## GIVEN RECORDS
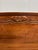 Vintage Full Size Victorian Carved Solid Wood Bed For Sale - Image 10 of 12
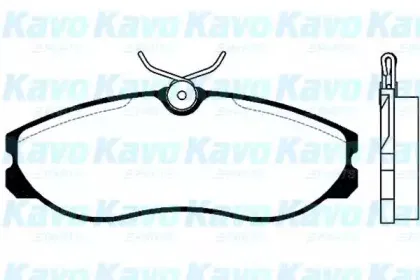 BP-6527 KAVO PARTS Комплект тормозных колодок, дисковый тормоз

==

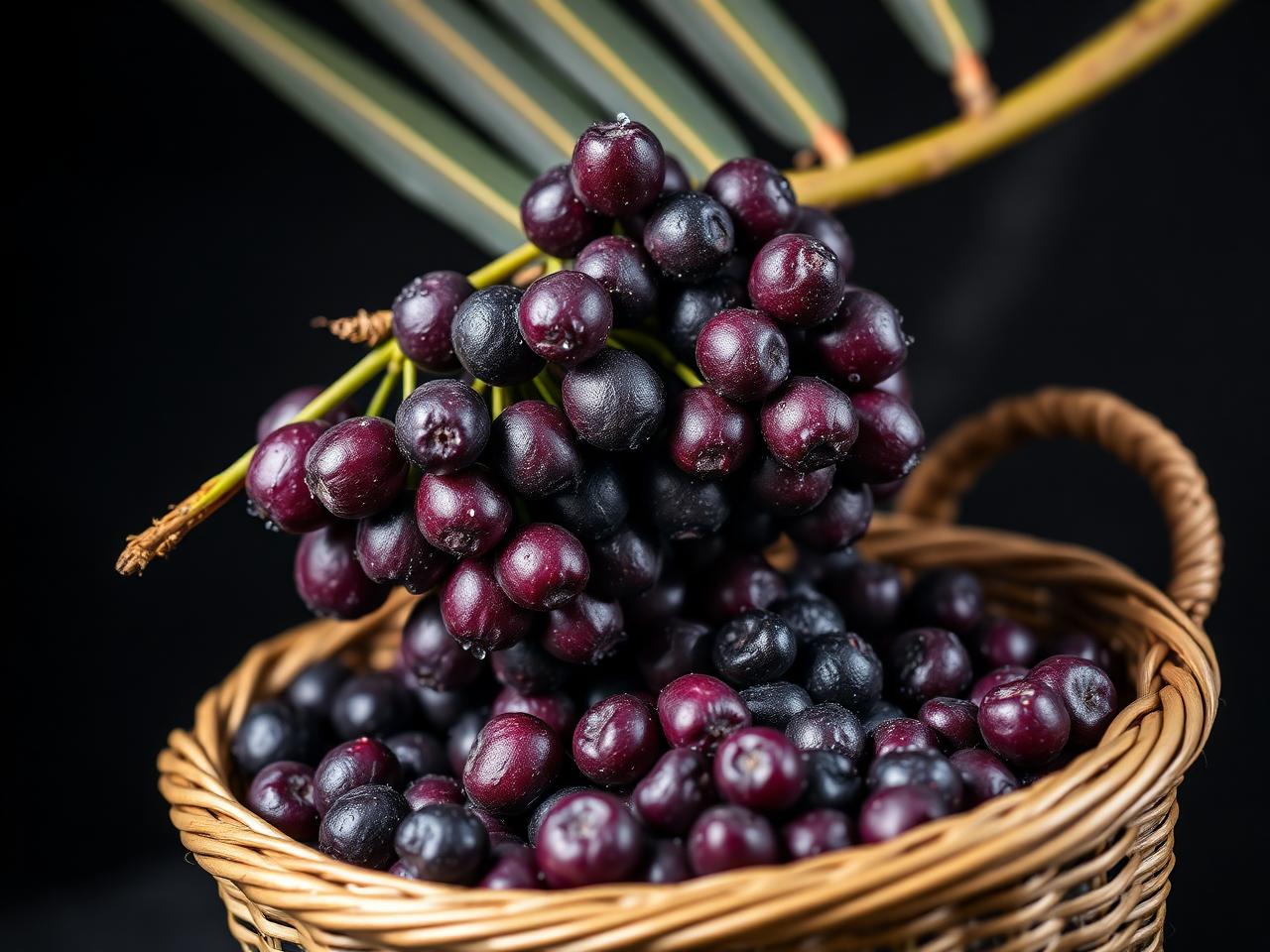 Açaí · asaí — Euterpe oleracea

---

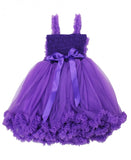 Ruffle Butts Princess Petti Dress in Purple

## TASK DETAILS
Output exactly those lines of the data above that run from the line with "Vintage Full Size" up to and including the line with "BP-6527 KAVO PARTS". No pictures go in.

## EXERCISE OUTPUT
 Vintage Full Size Victorian Carved Solid Wood Bed For Sale - Image 10 of 12
 BP-6527 KAVO PARTS Комплект тормозных колодок, дисковый тормоз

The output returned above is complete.